イチョウの物語

 イチョウを見に、自転車で神宮外苑に行ってきた。

 手前に写っているイチョウはまだ完全に黄葉していなくて、緑と黄色が混じっている状態だ。奥の方に進むと黄葉しきっている木もあった。全てが黄色くなるにはもう一二週間かかるか。イチョウは秋の木という印象だったが、温暖化のせいか、すっかり12月の木になってしまった。

 絵画館を前にしたこの通りはイチョウの名所で、大勢の人が訪れていた。写真の奥の方ではイチョウ見物のためにクルマをシャットダウンして歩行者天国になっており、自転車でも通れないので、あきらめてすごすご帰ってきた。

 この写真は白金高輪で撮った。白金高輪にはイチョウ並木が続く美しい通りがある。

 ご覧の通り、まだ緑色のイチョウと黄葉したイチョウが並んでいる。日照時間なり温度なりが違っているとは思えないから、黄葉に関する個体のDNAが違うのだろう。

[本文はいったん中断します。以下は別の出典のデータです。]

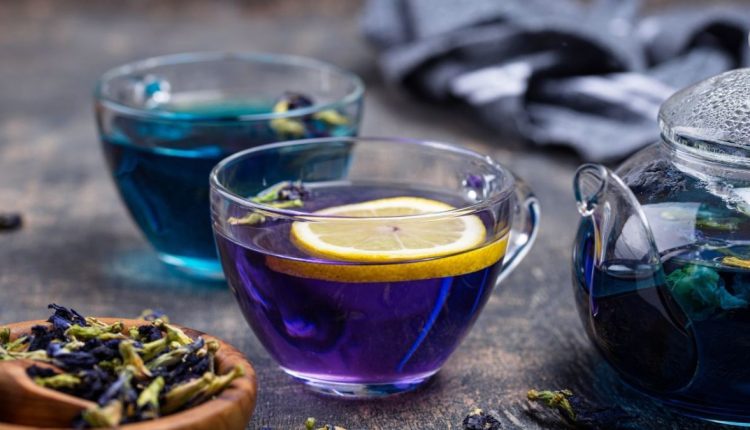 Butterfly Pea Tea
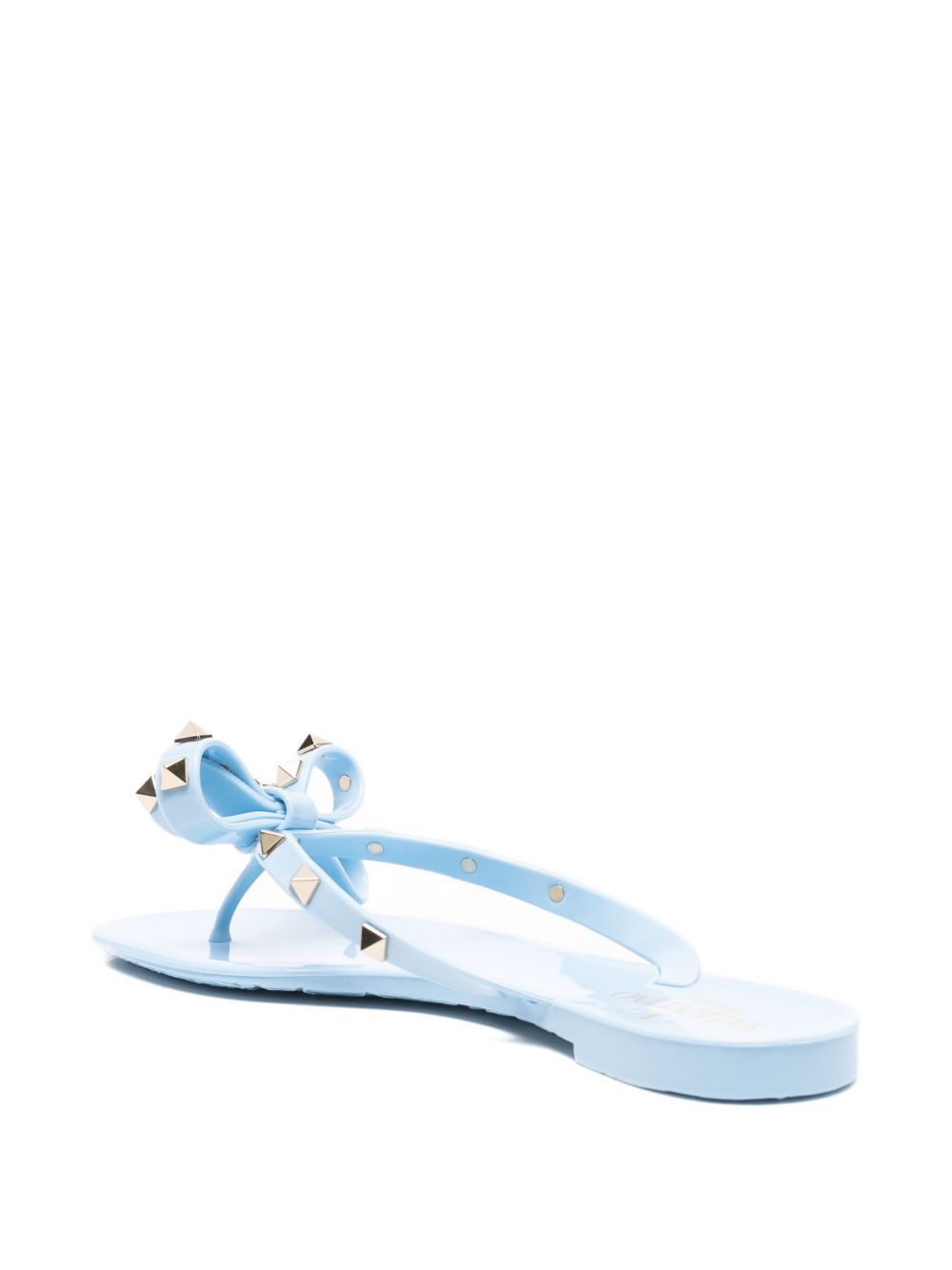 Valentino Garavani Sandals Ivory WS0552PVS68M (Valentino Garavani / サンダル ) | Valentino Garavani (ヴァレンティノ)(3)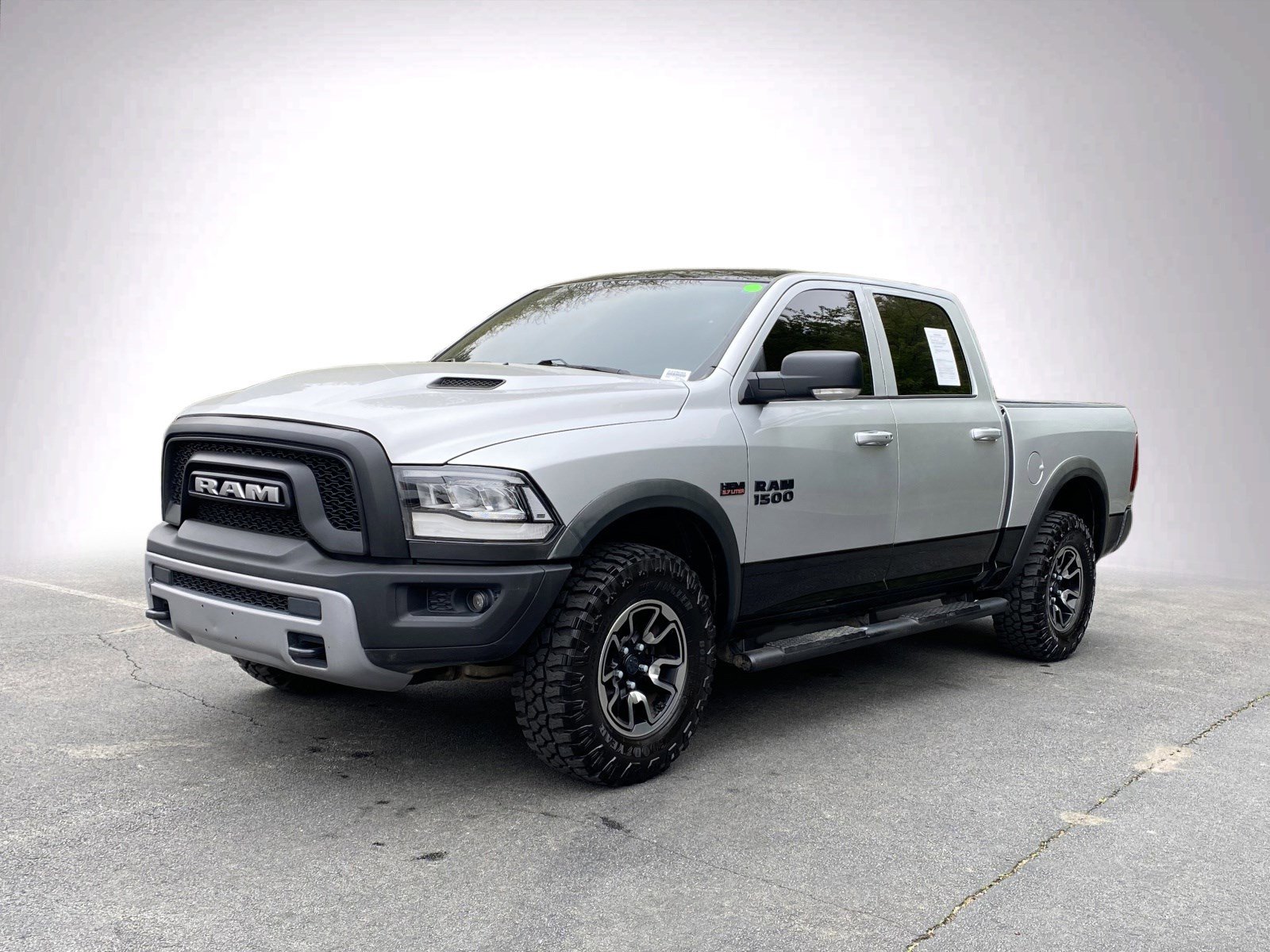 Used 2017 RAM 1500 Rebel w/ Luxury Group video 2
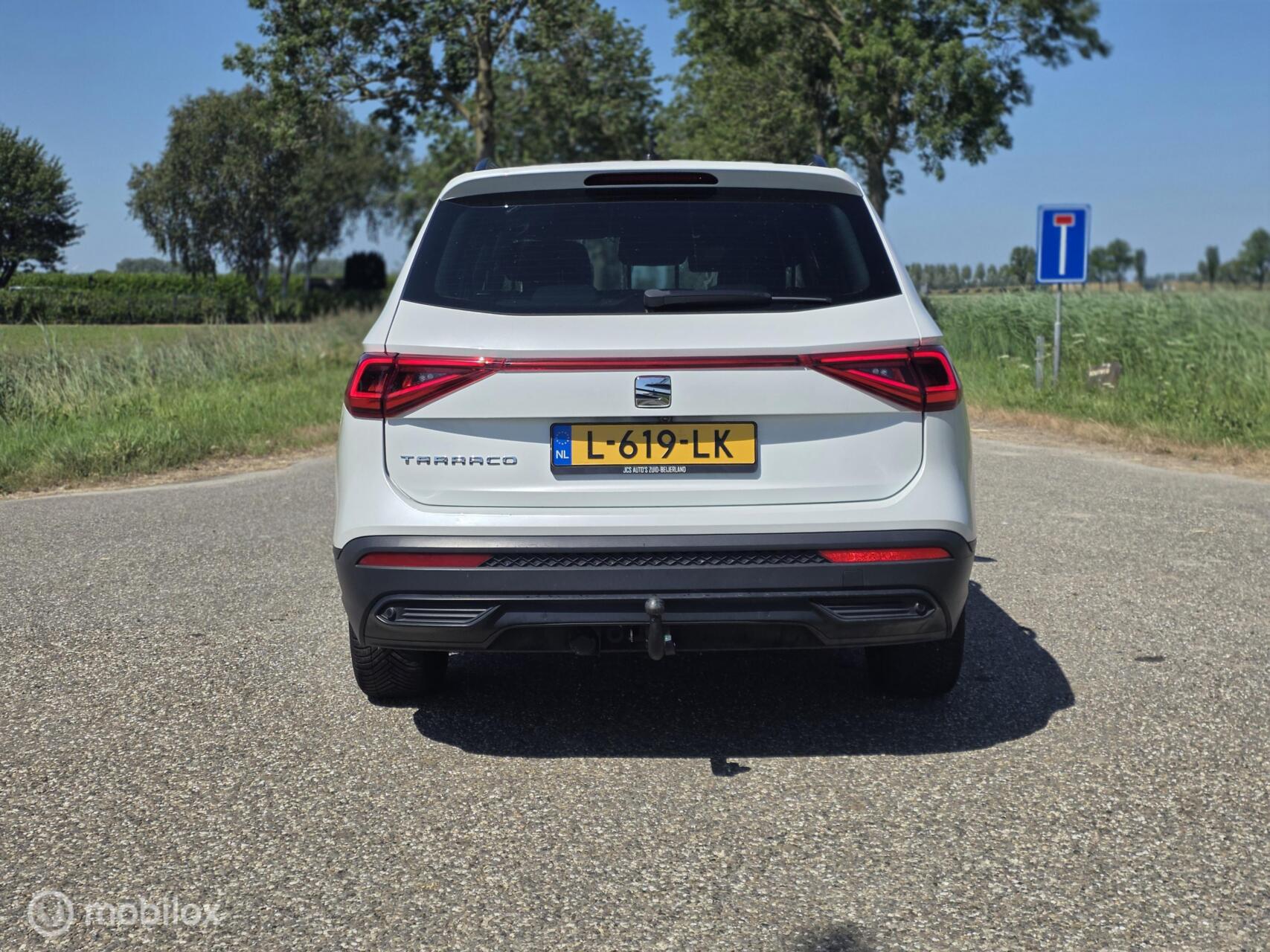 Foto van Seat Tarraco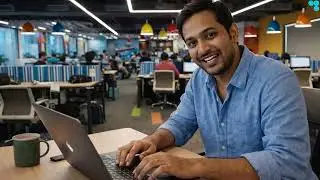 Work smarter. Grow faster. Belong to a workspace built for ambition.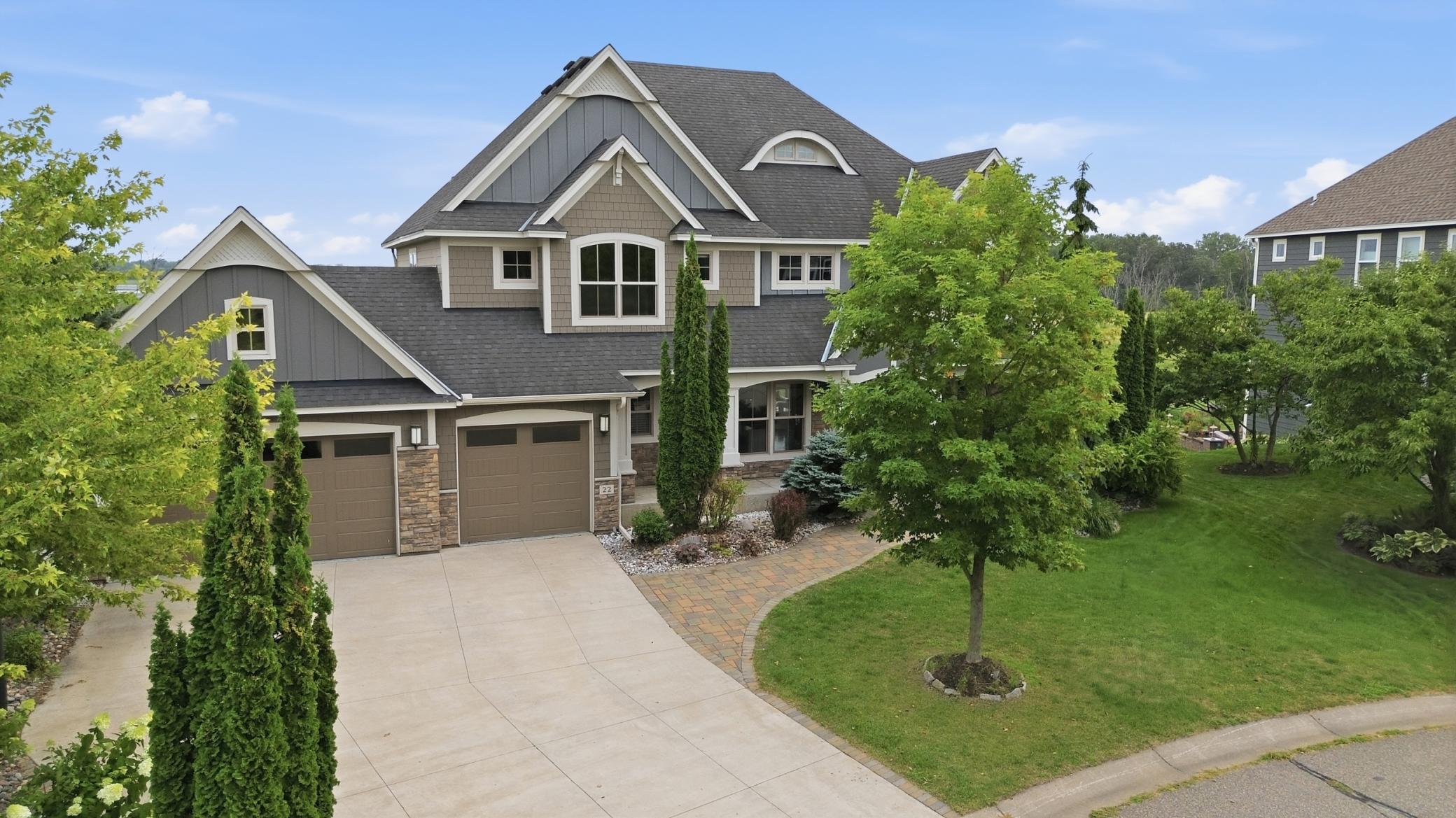 View of Residential at 22 Leaf Wing Drive, North Oaks MN 55127, North Oaks (85 of 95) - Mike Wilen | Minnesota Team Real Estate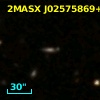 2MASX J02575869+1307438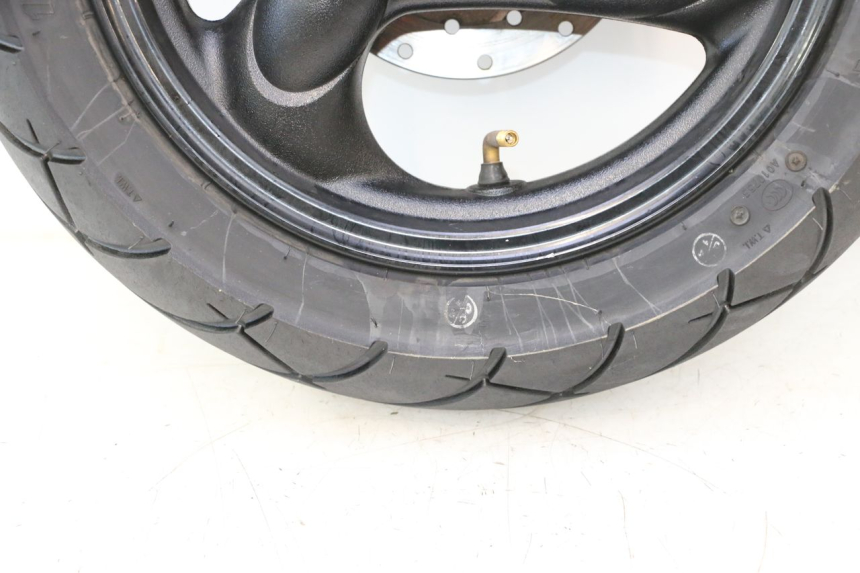 photo de ARO DIANTEIRO E PNEU KYMCO AGILITY 4T 50 (2018 - 2022) - Marcações e referências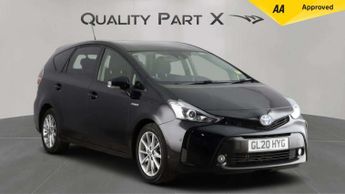 Toyota Prius 1.8 VVT-h Excel CVT Euro 6 (s/s) 5dr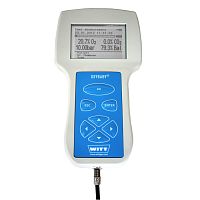 Control analyzer OXYBABY® MedpressureflowO2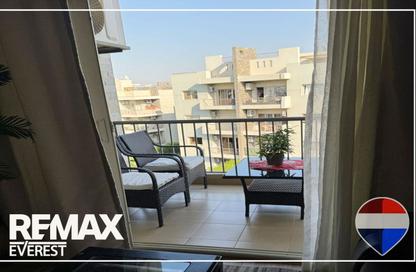 Apartment - 3 Bedrooms - 2 Bathrooms for rent in The Address - 12th District - Sheikh Zayed City - Giza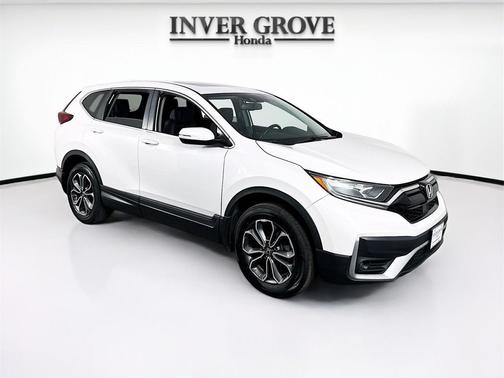 2021 Honda CR-V AWD EX-L
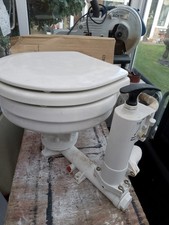 Marine Boat Toilet TMC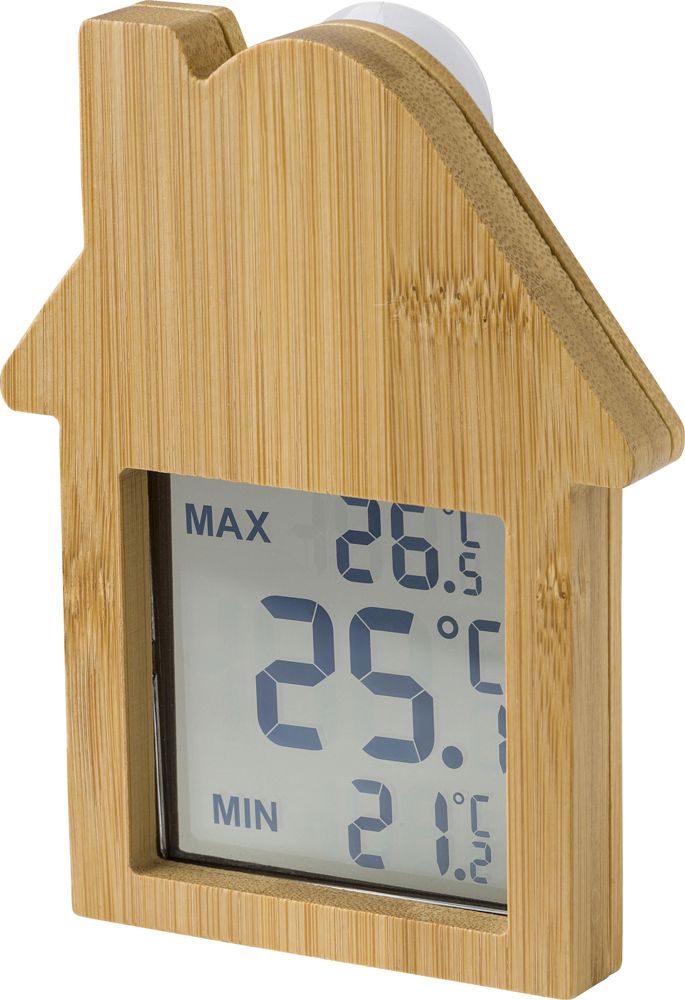Bamboo weather station Lane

 桜のソメイヨシノは挿木で増える、つまりクローンで増える。ソメイヨシノがいっせいに咲き誇るのはDNAが同じだからである。生殖で増えるイチョウはDNAが個体によって違うから黄葉時期がずれてくる。

 これまでも何度か書いてきたが、イチョウには物語がある。

 イチョウ中生代に世界中で繁栄した古い種だが、やがて衰退し、11世紀ごろには中国の一部で自生するだけとなってしまった。しかし、葉の形の面白さや黄葉の見事さから中国の中で移植されるようになった。日本に伝わったのは13世紀頃らしい。ヨーロッパには日本経由で17世紀末に伝わり、18世紀にはヨーロッパ各地に観葉目的で移植されるようになった。今では世界中で見られる。

 美しさで、いわば芸の力で盛り返したわけで、植物の盛衰というのは面白いものだと思う。人間にたとえるなら、滅亡に瀕した人類が一度は小集団を残すのみとなったが、再び力を得て世界に乗り出していったというふうで、SFみたいでもある。